Inutile anche l’ultimo ricorso: la Corte di Cassazione ha confermato la responsabilità esclusiva del Comune di Nova Milanese in relazione alla morte di Davide Marotta, il 14enne caduto dallo scooter il 4 agosto 2006 sulla Monza – Saronno a causa della cattiva tenuta dell’asfalto, reso scivoloso dalla presenza di ghiaia a terra. Davide, successivamente alla caduta, fu investito e ucciso da un furgone. Da lì in poi, il dolore e una storia di ricorsi e carte bollate.
Quattordicenne, primogenito, promessa del calcio giovanile. È il 2010 quando papà Luigi e mamma Roberta iniziano la causa contro il Comune, affidandosi ai legali Elena Maria Brambati e Antonio Caminiti.
“Infondato e inammissibile in tutti i suoi punti”: la Cassazione con ordinanza 7065 del 17 febbraio pone fine a undici anni di battaglia giudiziaria. Viene rigettato definitivamente il ricorso e il Comune viene condannato al pagamento delle spese processuali. Ammonta a 800 mila euro il risarcimento alla famiglia Marotta, già dalla sentenza 2080 del 2013 pronunciata dal giudice Maria Gabriella Mariconda.

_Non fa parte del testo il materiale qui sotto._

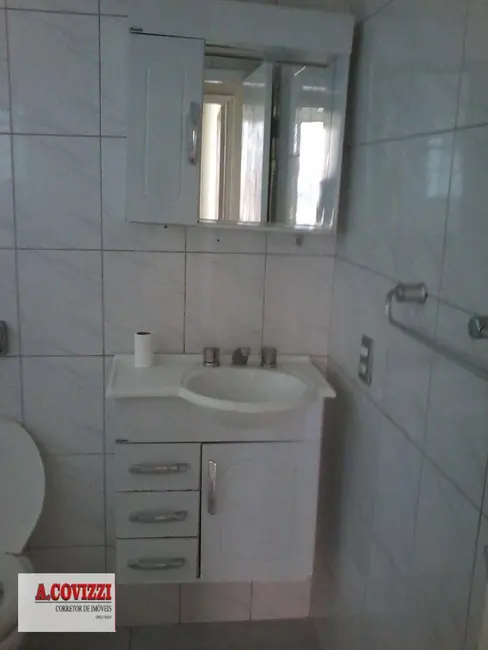 Apartamento com 3 quartos à venda, 91m2 em Centro, Campinas - SP - imagem 7 Foto 7 de Apartamento com 3 quartos à venda, 91m2 em Centro, Campinas - SP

Il Comune si era da subito opposto, chiedendone la sospensiva. In primo, secondo e terzo grado, quindi con sentenza del tribunale civile di Monza, della Corte d’Appello di Milano e infine con ordinanza della Cassazione di Roma, nessun dubbio: nessuna negligenza da parte di Davide.
«Il risultato sta proprio nell’aver dimostrato con un’istruttoria ampia ed esaustiva, che non c’è stata nessuna responsabilità da parte di Davide. Negligente il Comune al 100% – commentano i legali della famiglia – In ogni caso di fronte alla morte di un ragazzo non c’è nessuna vittoria, c’è solo da interrogarsi e fare in modo che non succedano più questi fatti».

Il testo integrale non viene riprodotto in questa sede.